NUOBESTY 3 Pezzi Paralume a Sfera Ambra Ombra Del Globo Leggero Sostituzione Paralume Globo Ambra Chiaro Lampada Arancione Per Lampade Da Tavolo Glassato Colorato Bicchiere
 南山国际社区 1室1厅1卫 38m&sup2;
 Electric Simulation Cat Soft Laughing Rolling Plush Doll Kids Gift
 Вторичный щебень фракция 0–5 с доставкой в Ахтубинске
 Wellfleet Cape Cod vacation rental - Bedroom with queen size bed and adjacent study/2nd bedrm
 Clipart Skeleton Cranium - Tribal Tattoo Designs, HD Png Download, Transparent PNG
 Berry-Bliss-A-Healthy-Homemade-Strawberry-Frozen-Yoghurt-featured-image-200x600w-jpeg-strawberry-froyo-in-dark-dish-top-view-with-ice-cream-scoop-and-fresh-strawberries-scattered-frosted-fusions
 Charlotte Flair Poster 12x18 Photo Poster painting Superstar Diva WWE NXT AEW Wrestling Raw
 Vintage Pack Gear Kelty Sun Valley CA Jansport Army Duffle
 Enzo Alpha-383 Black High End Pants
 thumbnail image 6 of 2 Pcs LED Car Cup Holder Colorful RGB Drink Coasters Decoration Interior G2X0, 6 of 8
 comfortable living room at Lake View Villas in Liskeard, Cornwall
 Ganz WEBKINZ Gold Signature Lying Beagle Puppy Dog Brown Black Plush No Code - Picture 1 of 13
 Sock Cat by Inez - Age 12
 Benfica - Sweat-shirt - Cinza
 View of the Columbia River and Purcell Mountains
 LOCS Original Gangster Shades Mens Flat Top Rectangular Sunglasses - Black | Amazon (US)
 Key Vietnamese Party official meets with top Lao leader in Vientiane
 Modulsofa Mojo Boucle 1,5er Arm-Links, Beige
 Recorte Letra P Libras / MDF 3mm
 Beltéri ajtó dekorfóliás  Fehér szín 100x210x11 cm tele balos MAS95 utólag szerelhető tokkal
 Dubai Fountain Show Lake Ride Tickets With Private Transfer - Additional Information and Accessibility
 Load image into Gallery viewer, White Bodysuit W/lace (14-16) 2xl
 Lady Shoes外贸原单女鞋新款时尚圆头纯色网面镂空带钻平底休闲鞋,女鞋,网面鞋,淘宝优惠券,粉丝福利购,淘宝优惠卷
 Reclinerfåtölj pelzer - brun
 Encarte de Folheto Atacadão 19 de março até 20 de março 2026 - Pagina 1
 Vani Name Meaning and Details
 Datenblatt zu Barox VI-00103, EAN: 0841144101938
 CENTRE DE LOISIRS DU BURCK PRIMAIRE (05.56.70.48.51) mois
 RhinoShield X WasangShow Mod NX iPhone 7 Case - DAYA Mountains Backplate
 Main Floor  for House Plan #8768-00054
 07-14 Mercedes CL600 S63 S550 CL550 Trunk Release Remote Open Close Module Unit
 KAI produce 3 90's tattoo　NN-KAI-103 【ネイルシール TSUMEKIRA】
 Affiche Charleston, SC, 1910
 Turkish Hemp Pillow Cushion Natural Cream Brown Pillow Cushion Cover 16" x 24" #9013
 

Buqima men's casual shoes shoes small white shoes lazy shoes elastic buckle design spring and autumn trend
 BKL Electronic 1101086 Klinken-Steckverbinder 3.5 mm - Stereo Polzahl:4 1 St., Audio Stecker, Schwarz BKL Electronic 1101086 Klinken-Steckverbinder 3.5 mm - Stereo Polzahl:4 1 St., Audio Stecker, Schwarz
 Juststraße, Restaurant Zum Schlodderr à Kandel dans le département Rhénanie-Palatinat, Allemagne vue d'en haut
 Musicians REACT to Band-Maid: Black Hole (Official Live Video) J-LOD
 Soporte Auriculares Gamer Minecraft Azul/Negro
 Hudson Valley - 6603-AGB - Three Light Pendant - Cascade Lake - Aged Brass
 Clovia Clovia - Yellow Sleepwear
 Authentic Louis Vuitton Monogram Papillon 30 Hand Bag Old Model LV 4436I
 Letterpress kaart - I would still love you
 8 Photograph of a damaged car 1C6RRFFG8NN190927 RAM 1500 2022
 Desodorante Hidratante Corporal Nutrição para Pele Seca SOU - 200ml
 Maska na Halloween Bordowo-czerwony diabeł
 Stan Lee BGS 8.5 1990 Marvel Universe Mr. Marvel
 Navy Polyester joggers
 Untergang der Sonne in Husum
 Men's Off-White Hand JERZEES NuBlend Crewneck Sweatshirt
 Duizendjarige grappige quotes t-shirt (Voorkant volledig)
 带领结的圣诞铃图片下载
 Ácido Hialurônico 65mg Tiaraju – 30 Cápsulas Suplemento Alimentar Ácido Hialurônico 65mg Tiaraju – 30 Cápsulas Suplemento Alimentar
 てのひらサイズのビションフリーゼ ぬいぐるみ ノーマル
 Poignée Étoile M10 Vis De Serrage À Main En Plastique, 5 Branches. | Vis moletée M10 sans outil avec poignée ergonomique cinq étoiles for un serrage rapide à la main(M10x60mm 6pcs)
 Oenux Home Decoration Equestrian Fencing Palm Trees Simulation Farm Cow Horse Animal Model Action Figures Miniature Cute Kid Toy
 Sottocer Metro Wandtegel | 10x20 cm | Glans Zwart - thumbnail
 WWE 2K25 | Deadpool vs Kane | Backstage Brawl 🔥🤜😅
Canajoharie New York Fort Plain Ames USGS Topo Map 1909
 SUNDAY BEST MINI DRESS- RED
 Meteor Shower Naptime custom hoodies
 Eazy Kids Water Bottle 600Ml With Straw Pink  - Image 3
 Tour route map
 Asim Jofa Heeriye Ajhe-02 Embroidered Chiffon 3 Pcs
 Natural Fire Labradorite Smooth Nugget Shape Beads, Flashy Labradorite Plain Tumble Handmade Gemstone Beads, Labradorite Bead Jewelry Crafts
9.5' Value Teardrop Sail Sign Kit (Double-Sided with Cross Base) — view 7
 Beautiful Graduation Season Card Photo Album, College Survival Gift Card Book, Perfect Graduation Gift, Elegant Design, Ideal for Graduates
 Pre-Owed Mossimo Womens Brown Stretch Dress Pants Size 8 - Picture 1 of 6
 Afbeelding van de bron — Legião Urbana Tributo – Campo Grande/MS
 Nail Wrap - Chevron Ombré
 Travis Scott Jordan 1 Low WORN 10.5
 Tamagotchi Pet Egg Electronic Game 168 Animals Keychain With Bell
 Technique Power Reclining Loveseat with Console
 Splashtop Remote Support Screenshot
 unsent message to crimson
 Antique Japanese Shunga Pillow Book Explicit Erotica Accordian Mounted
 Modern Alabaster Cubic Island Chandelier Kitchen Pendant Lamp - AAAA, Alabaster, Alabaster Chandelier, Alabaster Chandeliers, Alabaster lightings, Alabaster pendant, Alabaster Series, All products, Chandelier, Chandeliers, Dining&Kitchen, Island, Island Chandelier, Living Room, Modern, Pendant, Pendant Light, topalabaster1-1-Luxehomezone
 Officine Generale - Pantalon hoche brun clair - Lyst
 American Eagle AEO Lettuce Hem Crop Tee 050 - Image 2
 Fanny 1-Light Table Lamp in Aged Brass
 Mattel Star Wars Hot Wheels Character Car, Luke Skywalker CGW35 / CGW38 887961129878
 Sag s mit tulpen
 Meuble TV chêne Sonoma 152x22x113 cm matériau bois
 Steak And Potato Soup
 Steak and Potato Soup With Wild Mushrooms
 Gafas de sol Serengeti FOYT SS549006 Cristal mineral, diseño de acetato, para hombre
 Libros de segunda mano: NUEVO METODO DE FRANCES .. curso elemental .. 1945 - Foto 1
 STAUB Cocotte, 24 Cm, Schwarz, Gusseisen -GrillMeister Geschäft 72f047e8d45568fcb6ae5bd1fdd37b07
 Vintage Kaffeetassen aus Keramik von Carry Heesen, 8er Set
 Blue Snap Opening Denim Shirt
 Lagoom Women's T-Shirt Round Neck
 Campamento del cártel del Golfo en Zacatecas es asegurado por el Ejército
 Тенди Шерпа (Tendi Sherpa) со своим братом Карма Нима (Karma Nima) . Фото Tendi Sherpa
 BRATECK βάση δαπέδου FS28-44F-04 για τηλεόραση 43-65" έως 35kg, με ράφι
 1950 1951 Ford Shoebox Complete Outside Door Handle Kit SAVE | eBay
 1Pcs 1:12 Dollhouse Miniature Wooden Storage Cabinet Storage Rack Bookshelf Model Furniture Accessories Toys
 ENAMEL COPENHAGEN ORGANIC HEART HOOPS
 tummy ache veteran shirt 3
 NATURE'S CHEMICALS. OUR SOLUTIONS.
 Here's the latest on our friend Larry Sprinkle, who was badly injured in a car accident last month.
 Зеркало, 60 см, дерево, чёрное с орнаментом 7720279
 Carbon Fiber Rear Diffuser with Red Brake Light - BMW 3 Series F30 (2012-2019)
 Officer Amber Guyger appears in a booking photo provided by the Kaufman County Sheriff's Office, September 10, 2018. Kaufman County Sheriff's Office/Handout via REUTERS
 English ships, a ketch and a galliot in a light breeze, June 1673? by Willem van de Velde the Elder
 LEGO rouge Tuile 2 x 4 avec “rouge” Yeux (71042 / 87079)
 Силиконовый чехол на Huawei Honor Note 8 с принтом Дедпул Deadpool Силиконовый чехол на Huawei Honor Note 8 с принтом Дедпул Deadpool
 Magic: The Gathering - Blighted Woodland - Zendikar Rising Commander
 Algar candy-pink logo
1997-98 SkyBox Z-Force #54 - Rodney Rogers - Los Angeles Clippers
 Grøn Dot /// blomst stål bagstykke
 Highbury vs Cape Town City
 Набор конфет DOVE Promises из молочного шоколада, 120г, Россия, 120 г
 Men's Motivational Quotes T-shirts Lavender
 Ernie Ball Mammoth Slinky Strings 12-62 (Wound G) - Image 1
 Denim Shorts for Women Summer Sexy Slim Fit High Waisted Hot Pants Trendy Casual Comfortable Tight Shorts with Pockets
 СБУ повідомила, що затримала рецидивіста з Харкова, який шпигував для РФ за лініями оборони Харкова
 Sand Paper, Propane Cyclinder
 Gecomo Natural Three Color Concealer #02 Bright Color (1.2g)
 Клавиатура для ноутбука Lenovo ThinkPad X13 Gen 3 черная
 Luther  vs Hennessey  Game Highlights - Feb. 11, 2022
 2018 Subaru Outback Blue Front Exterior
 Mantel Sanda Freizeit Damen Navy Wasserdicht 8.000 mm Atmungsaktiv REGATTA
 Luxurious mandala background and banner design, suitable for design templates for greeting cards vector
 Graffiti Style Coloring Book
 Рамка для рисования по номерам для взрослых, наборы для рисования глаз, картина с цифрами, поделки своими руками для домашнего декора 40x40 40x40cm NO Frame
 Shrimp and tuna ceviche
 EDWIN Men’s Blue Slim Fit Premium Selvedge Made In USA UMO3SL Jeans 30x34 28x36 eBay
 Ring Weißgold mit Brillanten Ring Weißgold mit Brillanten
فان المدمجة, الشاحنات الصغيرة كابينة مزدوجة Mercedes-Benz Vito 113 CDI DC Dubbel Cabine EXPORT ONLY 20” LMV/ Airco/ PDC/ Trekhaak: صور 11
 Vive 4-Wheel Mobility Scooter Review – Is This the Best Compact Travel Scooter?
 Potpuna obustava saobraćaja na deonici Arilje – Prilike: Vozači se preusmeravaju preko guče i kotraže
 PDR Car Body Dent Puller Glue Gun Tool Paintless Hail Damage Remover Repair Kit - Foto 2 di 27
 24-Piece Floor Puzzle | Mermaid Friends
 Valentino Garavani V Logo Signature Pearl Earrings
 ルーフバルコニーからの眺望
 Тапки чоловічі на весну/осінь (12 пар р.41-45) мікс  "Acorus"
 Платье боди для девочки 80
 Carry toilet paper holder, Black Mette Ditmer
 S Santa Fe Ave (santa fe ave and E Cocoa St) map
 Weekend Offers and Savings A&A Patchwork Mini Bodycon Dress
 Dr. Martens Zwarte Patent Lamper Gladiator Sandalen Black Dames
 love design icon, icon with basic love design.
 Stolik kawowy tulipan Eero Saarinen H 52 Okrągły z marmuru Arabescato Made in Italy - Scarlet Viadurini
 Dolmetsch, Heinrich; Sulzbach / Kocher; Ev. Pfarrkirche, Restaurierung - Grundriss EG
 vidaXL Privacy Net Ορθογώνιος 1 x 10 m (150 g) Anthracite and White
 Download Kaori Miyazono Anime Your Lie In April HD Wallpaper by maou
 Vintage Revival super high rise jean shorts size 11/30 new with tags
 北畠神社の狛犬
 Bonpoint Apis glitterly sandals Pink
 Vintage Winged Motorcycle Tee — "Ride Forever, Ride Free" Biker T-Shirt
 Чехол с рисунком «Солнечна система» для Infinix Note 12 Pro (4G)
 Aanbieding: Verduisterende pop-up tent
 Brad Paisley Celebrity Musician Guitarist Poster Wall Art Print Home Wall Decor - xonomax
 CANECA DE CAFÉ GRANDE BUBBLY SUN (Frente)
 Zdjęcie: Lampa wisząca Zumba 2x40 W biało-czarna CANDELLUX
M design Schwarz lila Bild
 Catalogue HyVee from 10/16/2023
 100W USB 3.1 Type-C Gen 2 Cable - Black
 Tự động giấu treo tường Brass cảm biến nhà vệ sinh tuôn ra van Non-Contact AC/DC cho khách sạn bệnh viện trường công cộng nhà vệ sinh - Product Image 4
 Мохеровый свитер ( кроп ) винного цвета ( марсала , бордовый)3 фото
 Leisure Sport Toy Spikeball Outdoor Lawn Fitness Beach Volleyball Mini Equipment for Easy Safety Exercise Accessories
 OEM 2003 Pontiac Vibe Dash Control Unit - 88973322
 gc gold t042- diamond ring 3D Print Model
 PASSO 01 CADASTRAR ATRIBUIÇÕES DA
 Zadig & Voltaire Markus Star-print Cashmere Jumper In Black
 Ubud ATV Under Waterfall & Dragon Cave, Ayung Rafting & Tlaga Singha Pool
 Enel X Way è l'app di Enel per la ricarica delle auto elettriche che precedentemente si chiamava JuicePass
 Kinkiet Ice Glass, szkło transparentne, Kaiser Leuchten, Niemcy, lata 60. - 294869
________
Check each line of the records above for the word "Cape", then give the number of lines that have it, with no other words.

§ **Completed task**
2